UCLA’s initiative has multiple components, including research on whether depression has a genetic basis, and how to diagnose and treat it early, and how to serve students suffering from mental health struggles.

As part of the project, students are invited to take a 30-minute questionnaire online at regular intervals to find out whether they exhibit symptoms of depression. Those who need help will be arranged to see a counsellor and are assigned a student helper for support. UCLA is extending the project to community colleges that have fewer such resources to support their students.
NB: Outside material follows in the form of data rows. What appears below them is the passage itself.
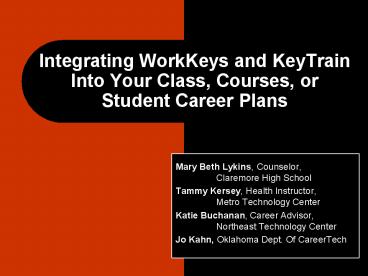 Mary Beth Lykins, Counselor,         Claremore High School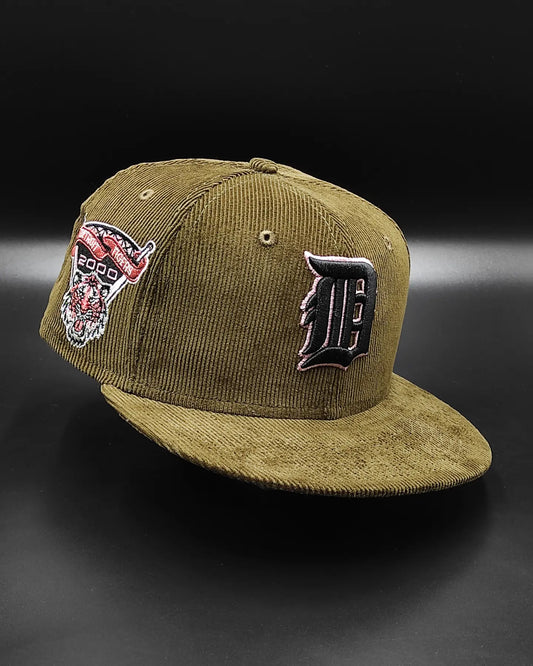 New Era 59fifty martini corduroy detroit tigers 2000 inaugural patch hat - olive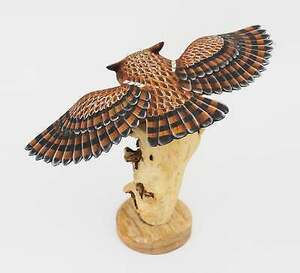 12" Wooden Handmade Owl Figurine Statue Painted Sculpture Hoot Bird Hand Carved 海外 即決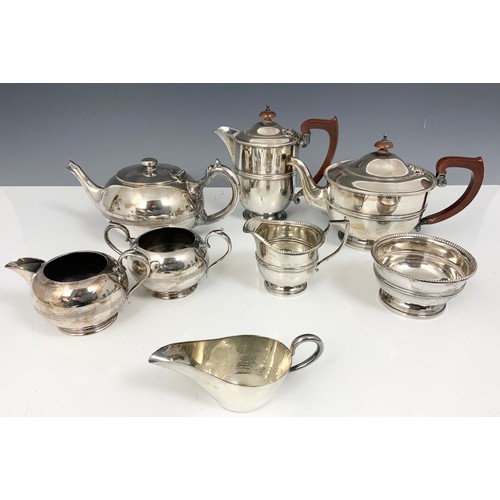 346 - 4 PIECE WALKER & HALL TEA SERVICE WITH A WALKER & HALL 3 PIECE SERVICE ETC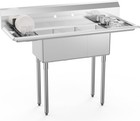 Commercial Sink  Stainless Steel Sink With 3 Compartment And 2 Sides Drain Rack
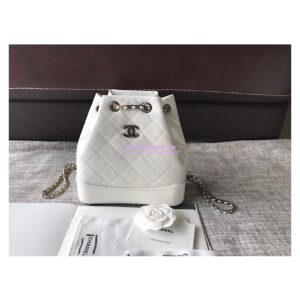 Replica Chanel Gabrielle Backpack Patent Goatskin A94485 White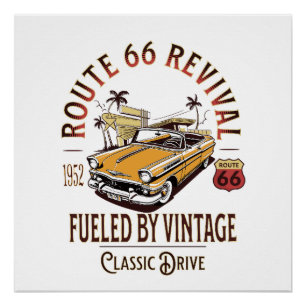 PÓSTER RUTA 66 REVIVENCIA - COMBUSTIBLE POR VINTAGE - AIR
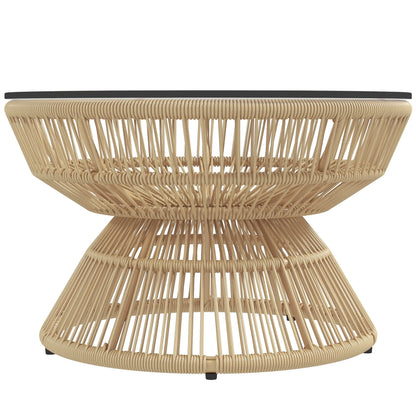 Rattan Outdoor Coffee Table, Tempered Glass Top, Steel Frame, Wicker Furniture Patio Side Tables Natural at Gallery Canada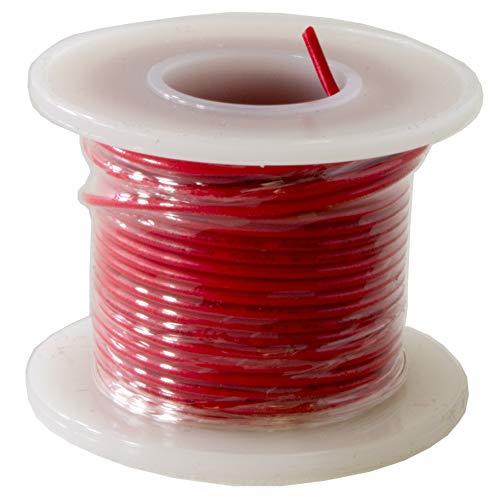 22 Gauge Solid Wire | Red Colored Wire - NOTE: SHADE OF RED MAY VARY | Tinned copper | 25 feet in length | 300 Vrms
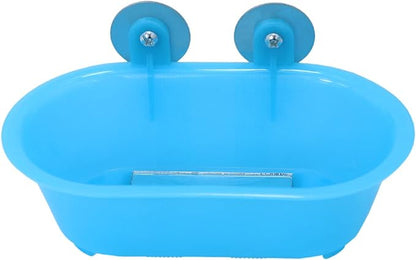 Wontee Bird Bath with Mirror Toy Fixable Parrot Bathroom Tub - Image 6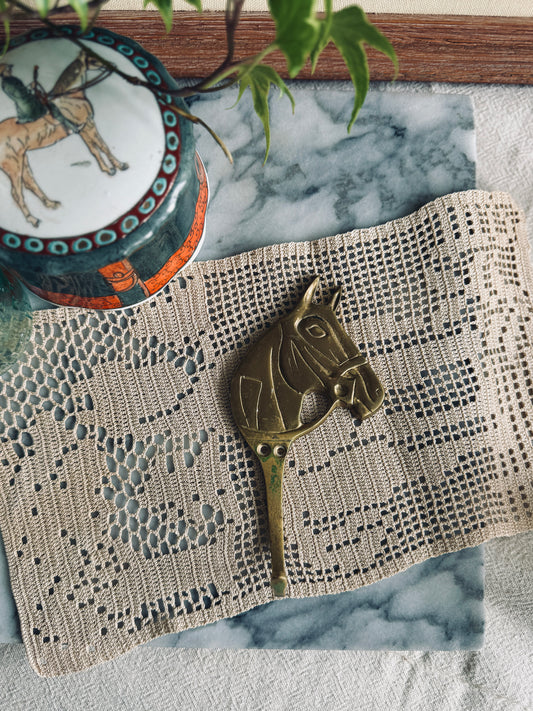 Vintage Brass Horse Head Wall Hook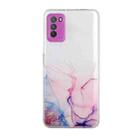 For Xiaomi Poco M3 Hollow Marble Pattern TPU Precise Hole Protective Case(Pink) - 1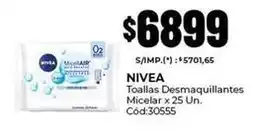 Diarco Nivea - toallas desmaquillantes micelar x 25 un. cód:30555 oferta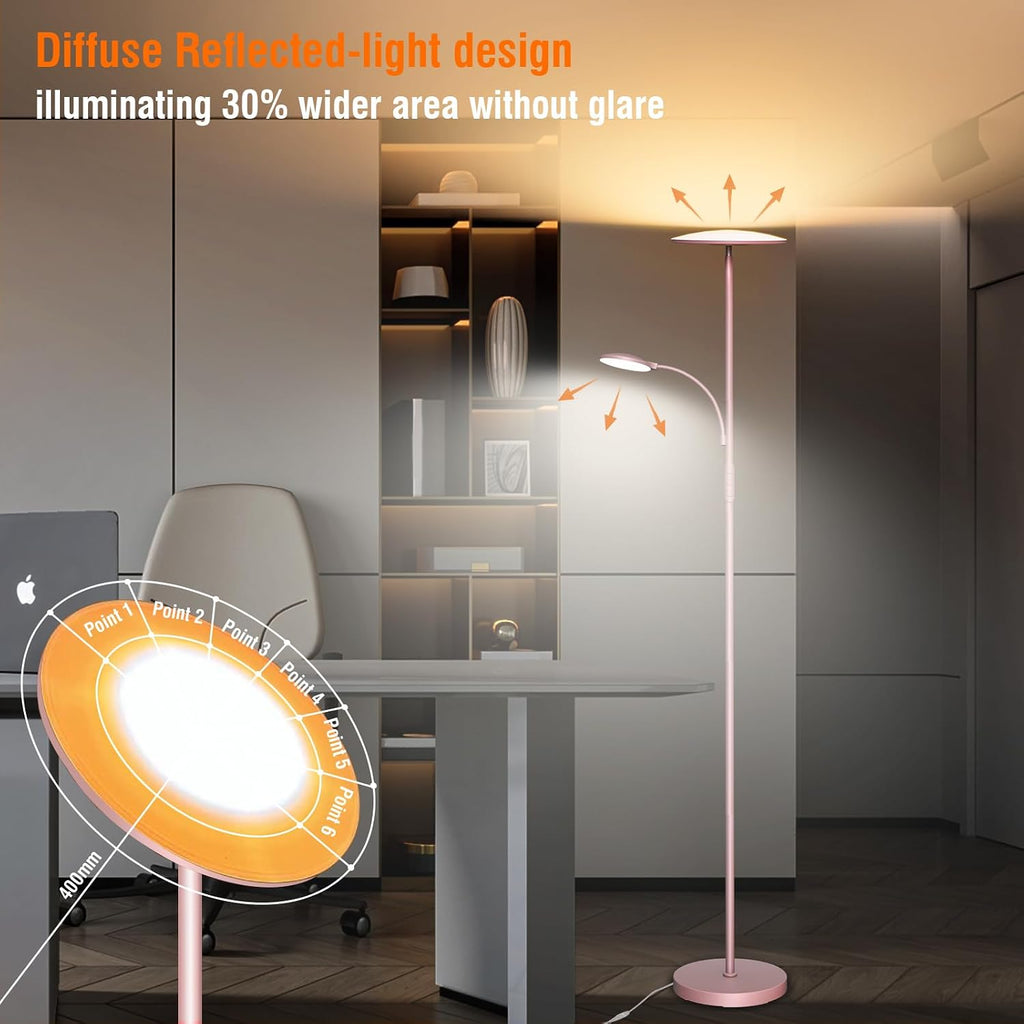 Marctronic Pink Floor Lamps for Living Room, 44W/4500LM Super Bright 2 in 1 LED Floor Lamp with Remote, Stepless Dimmable, 69" Tall Standin…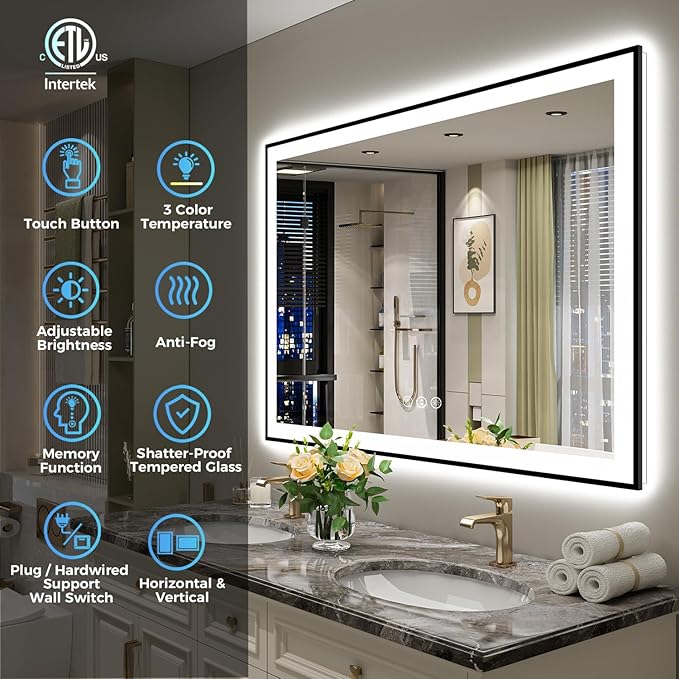 YEELAIT 55x30 Inch LED Bathroom Mirror - Image 2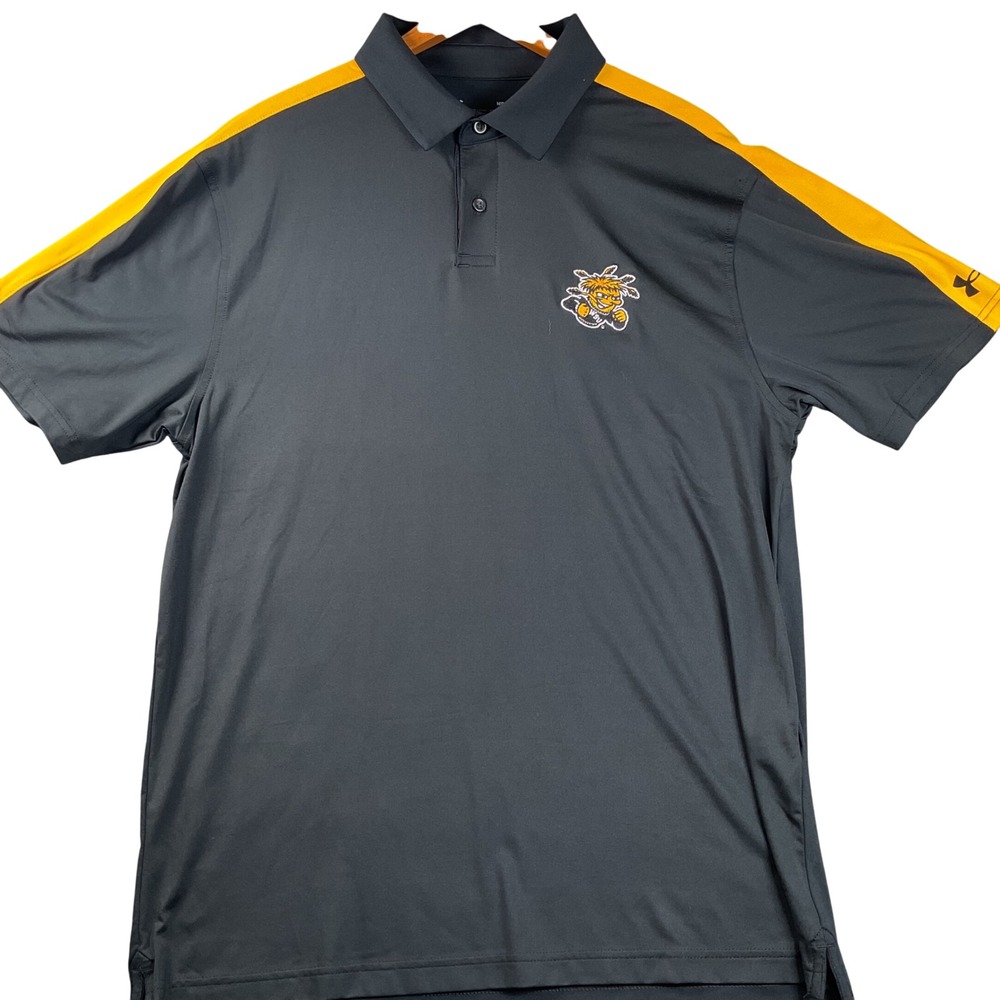 Under Armour WSU Wichita State Polo Mens Medium Black Yellow Excellent‎ WuShock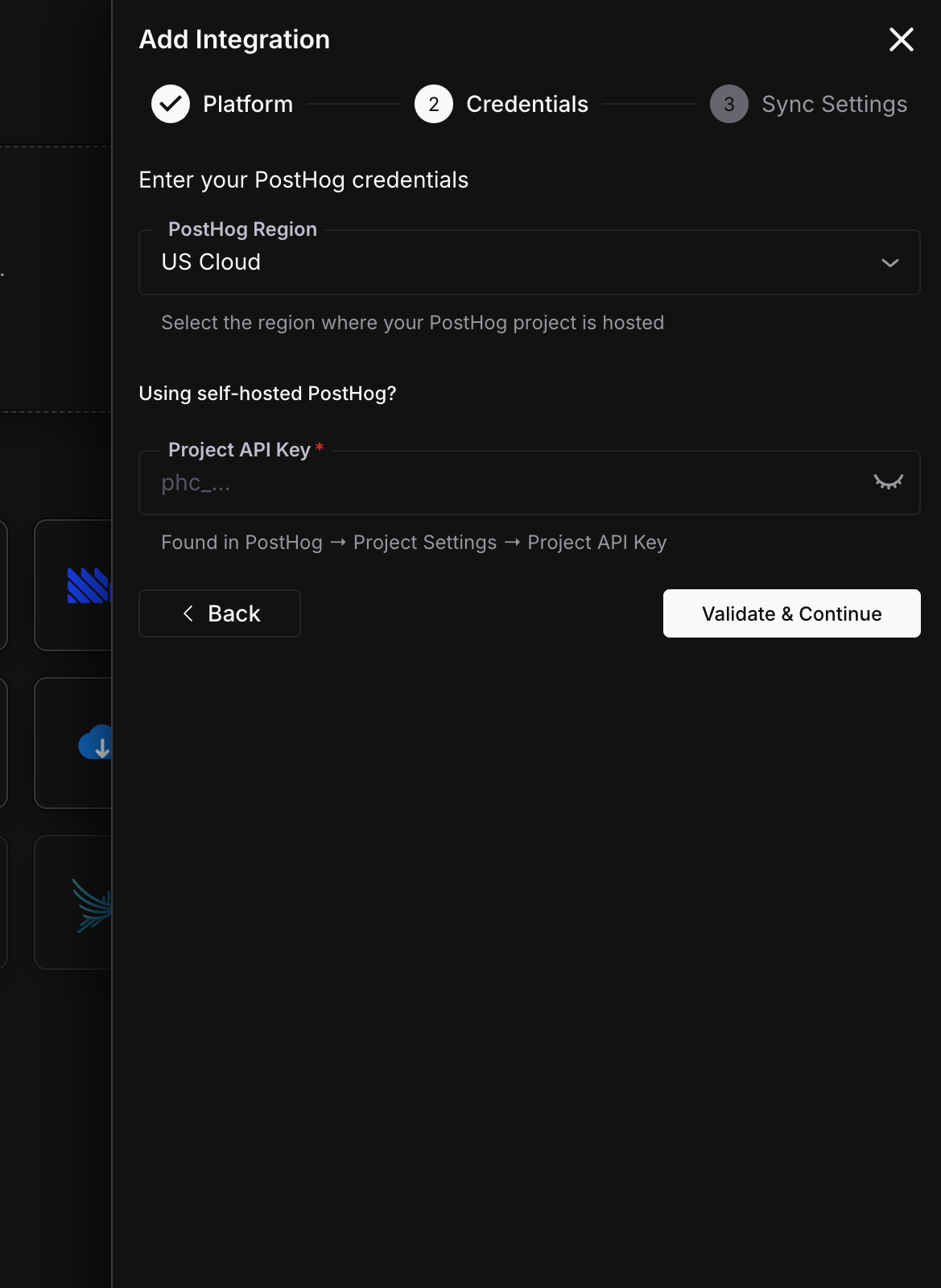 PostHog credentials form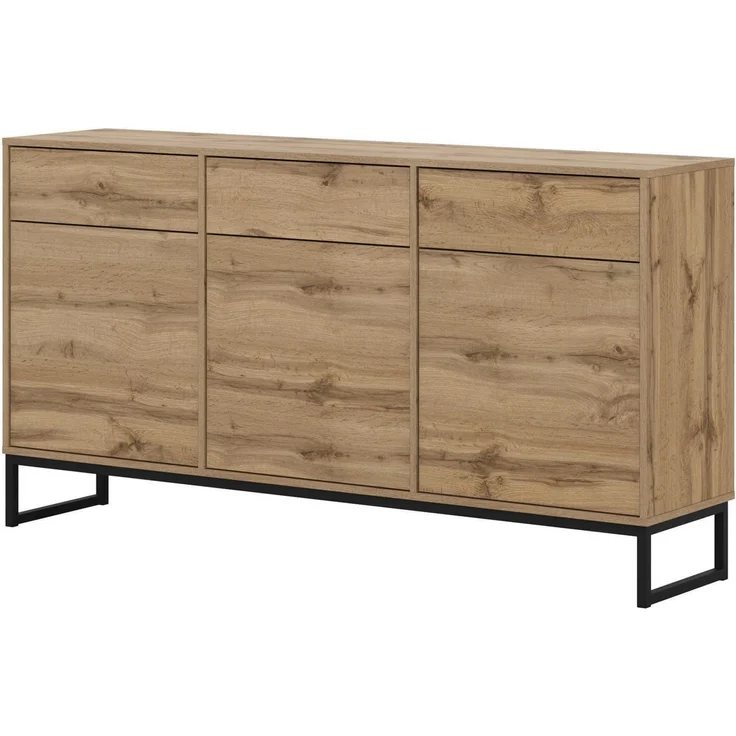 OTTO home Sideboard Loft, Breite 157 cm, grifflose Kommode 3 Türen/3 Schubkästen, Schubladenschrank mit viel Stauraum, Einlegeböden verstellbar – Bild 2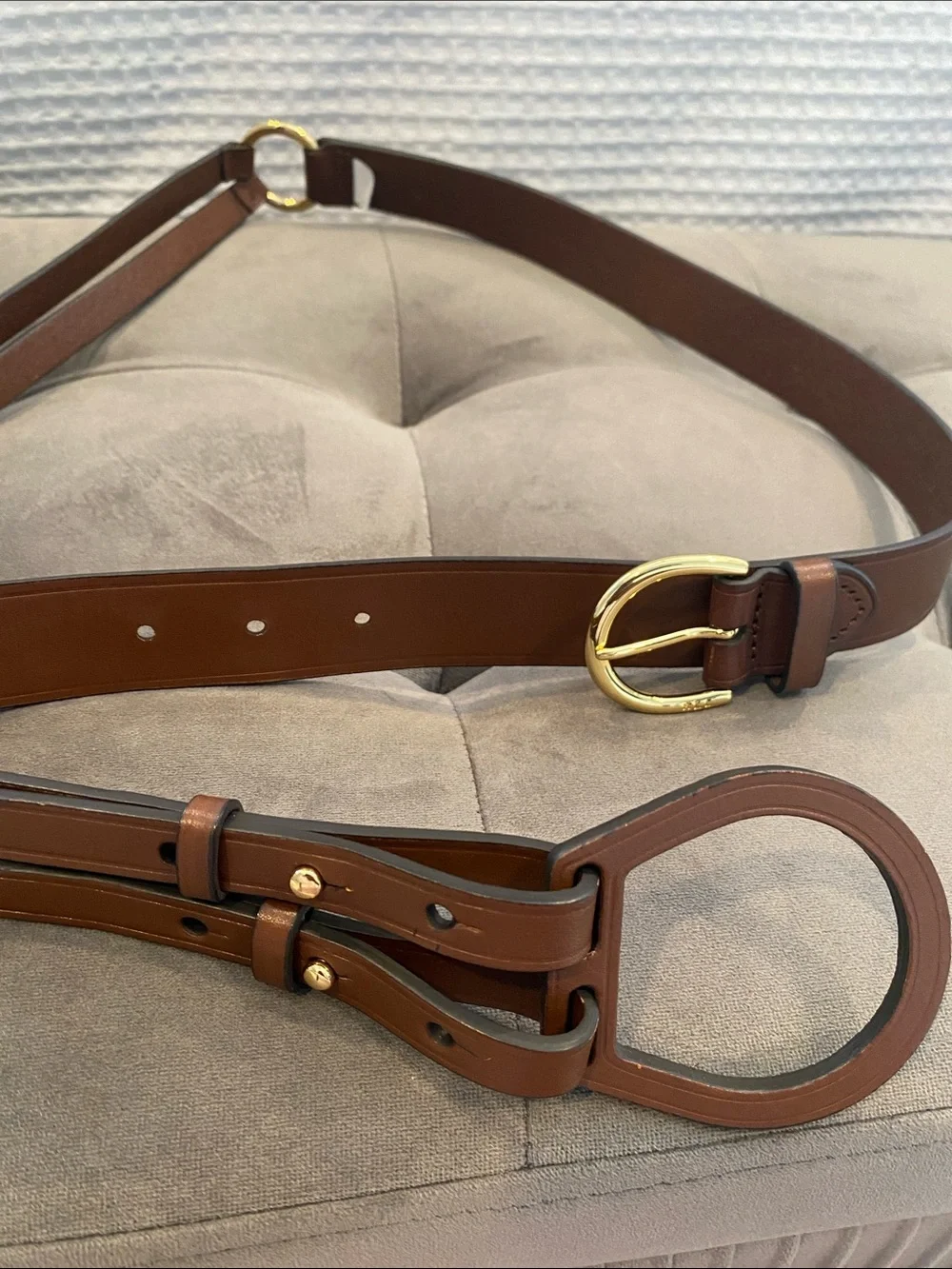 Lauren Ralph Lauren Brown Leather Belt with Gold Buckle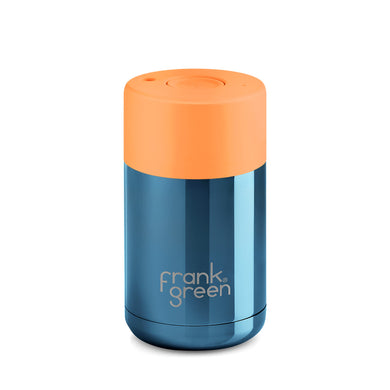 Frank Green 10oz Reusable Ceramic Cup, Chrome Blue with Neon Orange Lid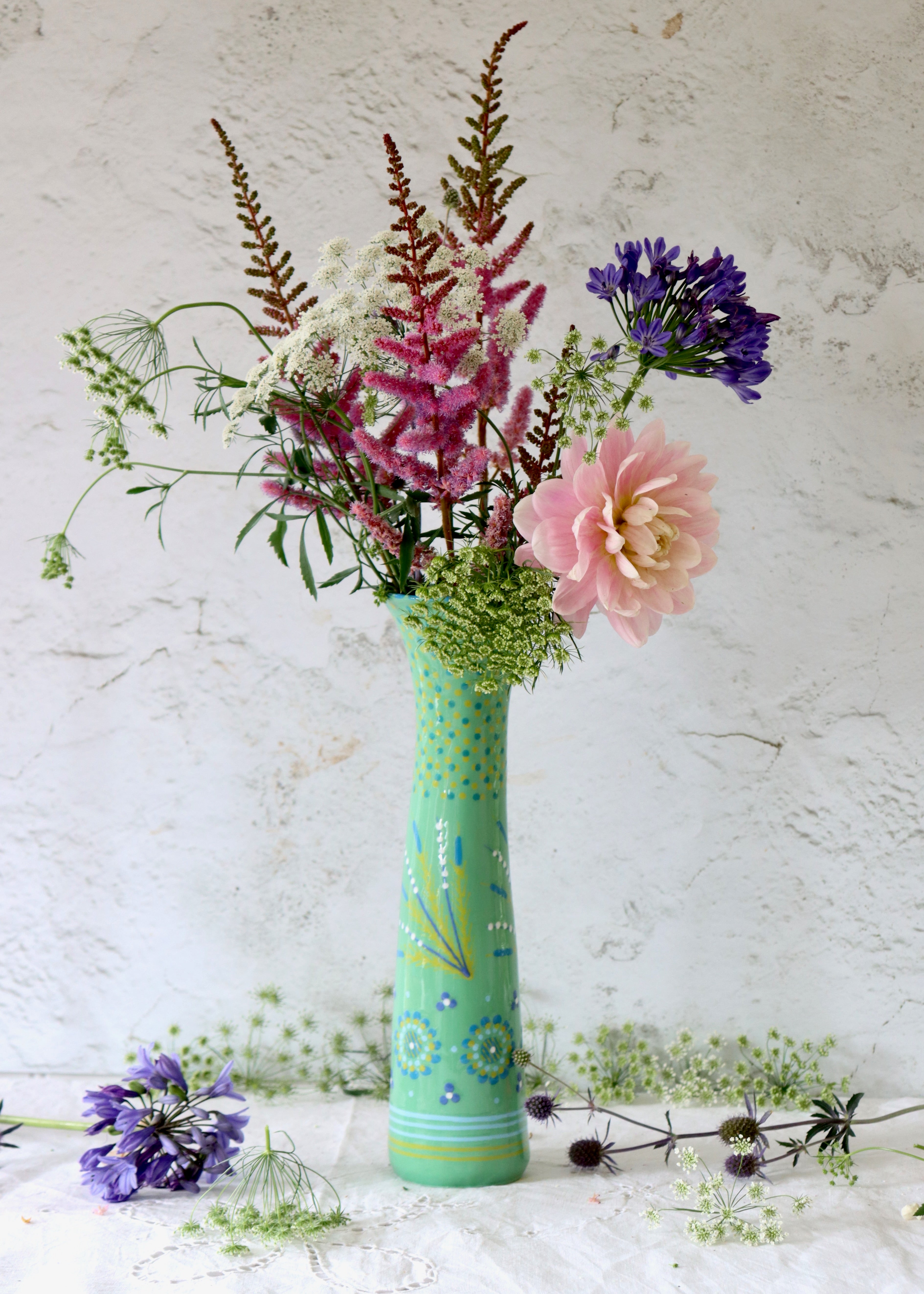 Tall Twisty Vase  - Teal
Another component, Professor Block says, involves collaboration with tech giant Apple. UCLA staff and student volunteers consent to have their patterns of sleep, physical activity, social media usage and other daily routines tracked by their wearables, in a bid to develop a programme that can detect depression early.

After he steps down from the chancellorship, Professor Block looks forward to resuming his own longstanding research into the biological clock. He will renew his work exploring the effects of aging on sleep, in particular the deterioration of sleep associated with neurodegenerative diseases like Huntington’s, Parkinson’s and Alzheimer’s. Helping those patients sleep better at night would also bring huge relief to their caregivers, he notes.

“Probably that’s the area I’d like to focus on because it’s more clinical. I have less time left in my career. It’s more fun maybe to work on something that’s a little more applied,” he smiles.